Mahmud served as the Minister of State for Agriculture and Forests for the Government of Bangladesh during 1979 to 1981. He served as the chairman of Grameen Bank during 1980–1989. He was a member of Bangladesh University Grants commission during 1996–1997.

Mahmud is serving as a member of Academic Council of BRAC University.

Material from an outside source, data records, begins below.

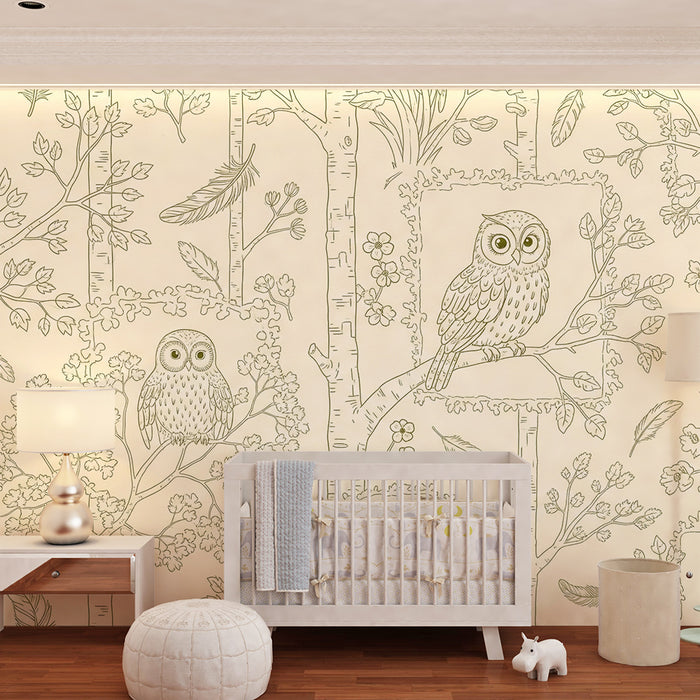 Papel pintado habitación bebé | Búhos encantadores y naturaleza delicada sobre fondo claro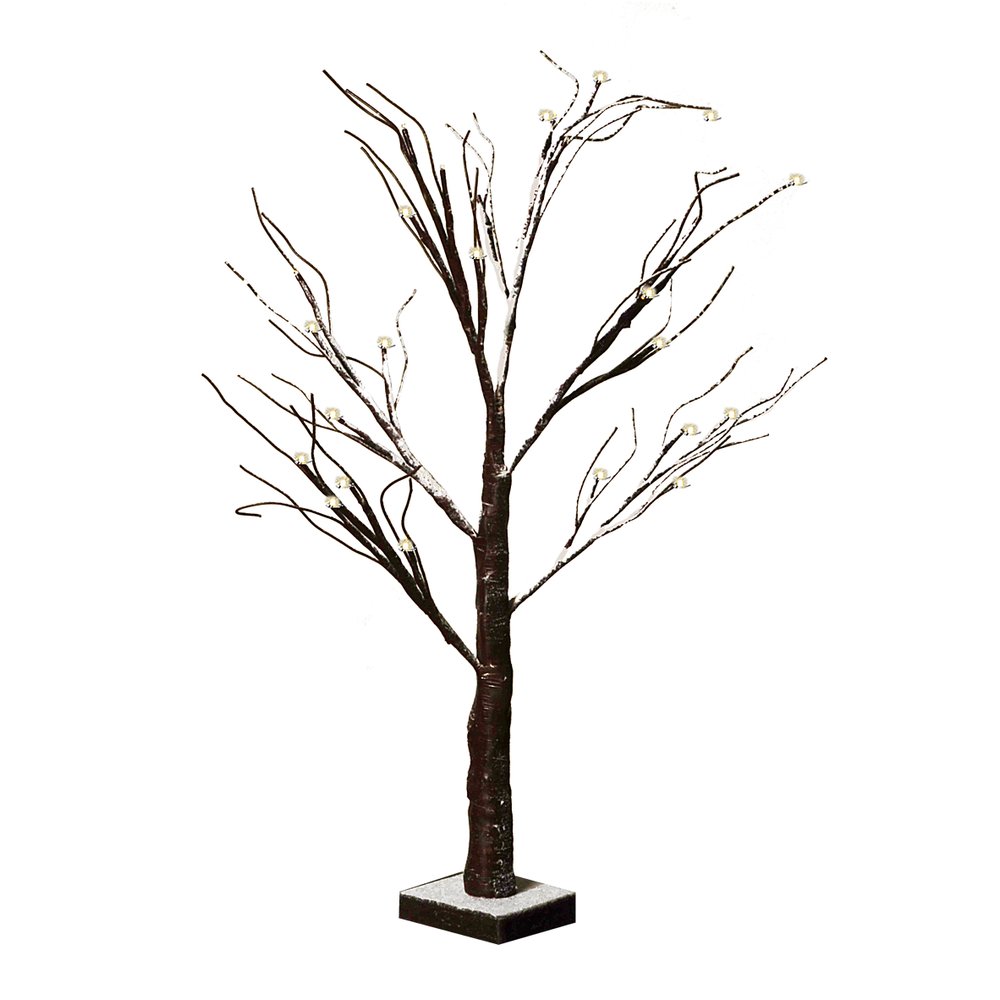 Baum braun beschneit + LED braun-weiss,H 70 cm, 24 LED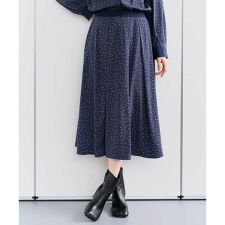 [セットアップ対応]ランダムドットタックフレアスカート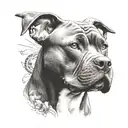 american bully pitbull dog wearing tattoo design idea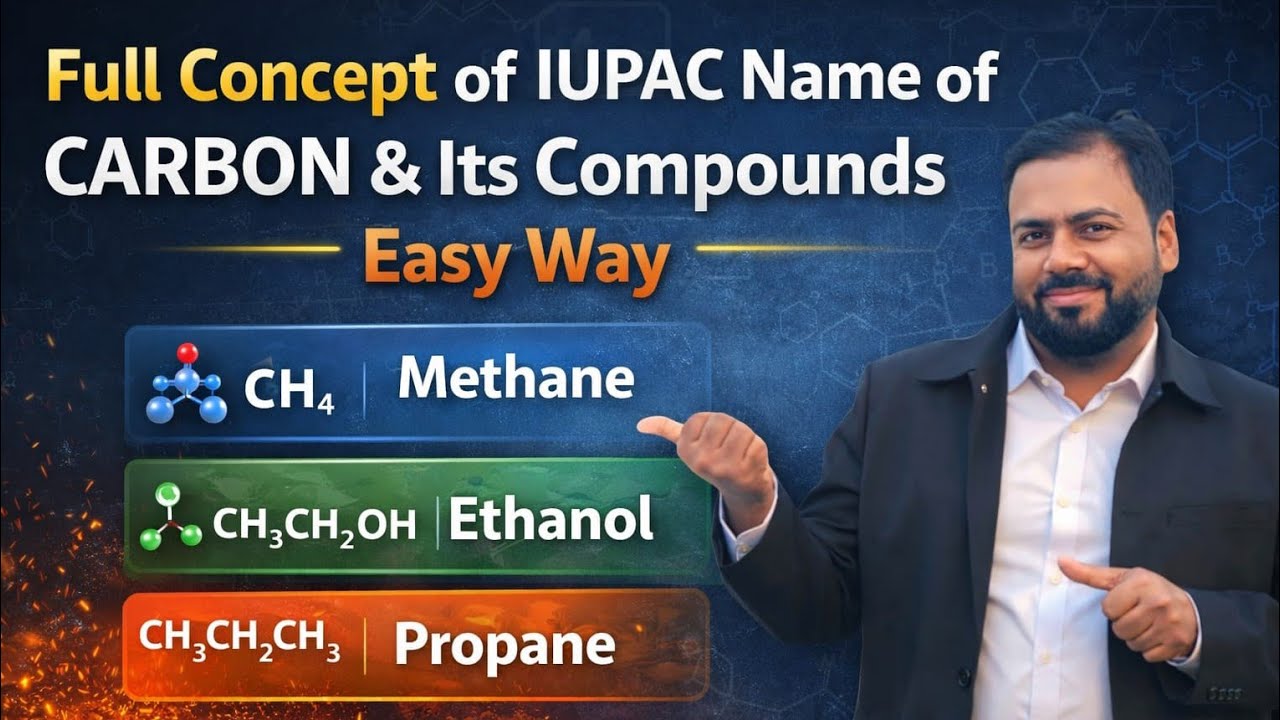 Iupac name of carbon and it's compound easy way 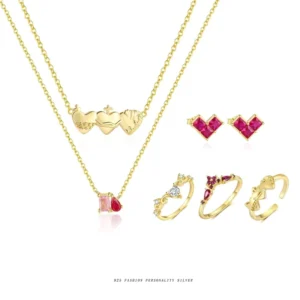 RENSINO Dainty S925 Sterling Silver Colorful Zircon Heart Pendant Necklaces and Rings Jewelry Set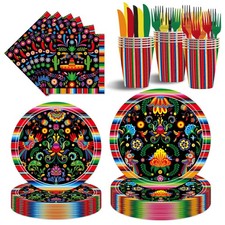 160 PCS Mexican Fiesta Paper Plates Cups Napkins Cinco De Mayo 25 Guests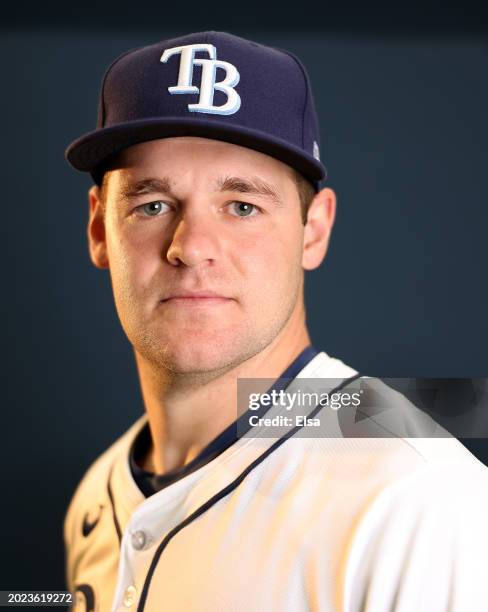 Nathan Wiles of the Tampa Bay Rays poses for a picture during Tampa Bay Rays Photo Day at Charlotte Sports Park on February 18, 2024 in Port...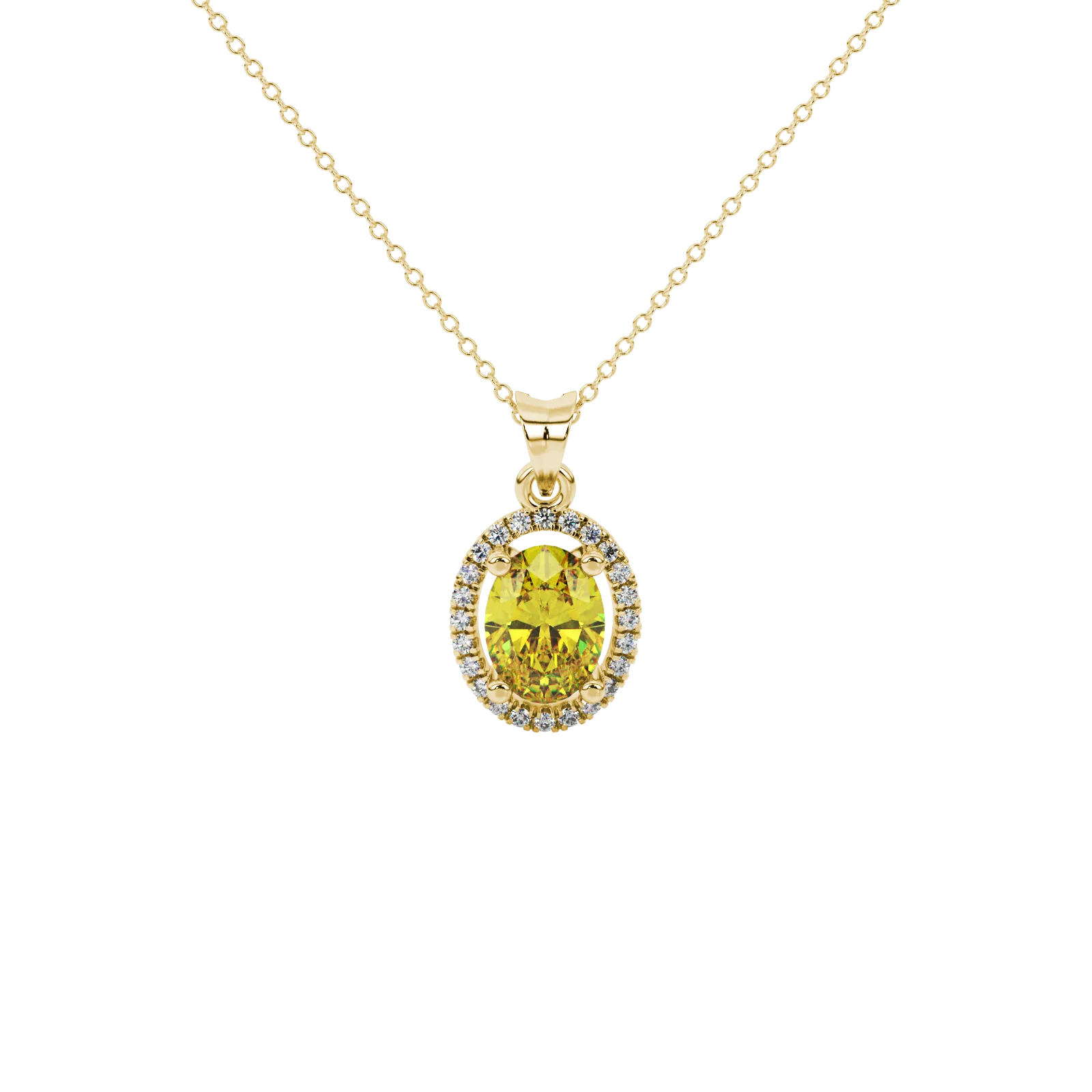 Oval cut canary yellow gemstone pendant, yellow gold french pavé halo setting.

He is the co-author, with Nooruddin Ahmed, of the textbook Corrosion Engineering: An Introductory Text, for undergraduate chemical engineers.

References

1940 births
Living people
Bangladeshi engineers
Bangladesh University of Engineering and Technology alumni
Academic staff of Bangladesh University of Engineering and Technology
Recipients of the Ekushey Padak
Vice-Chancellors of Bangladesh University of Engineering and Technology
Honorary Fellows of Bangla Academy
State Ministers of Agriculture (Bangladesh)
State Ministers of Environment and Forests (Bangladesh)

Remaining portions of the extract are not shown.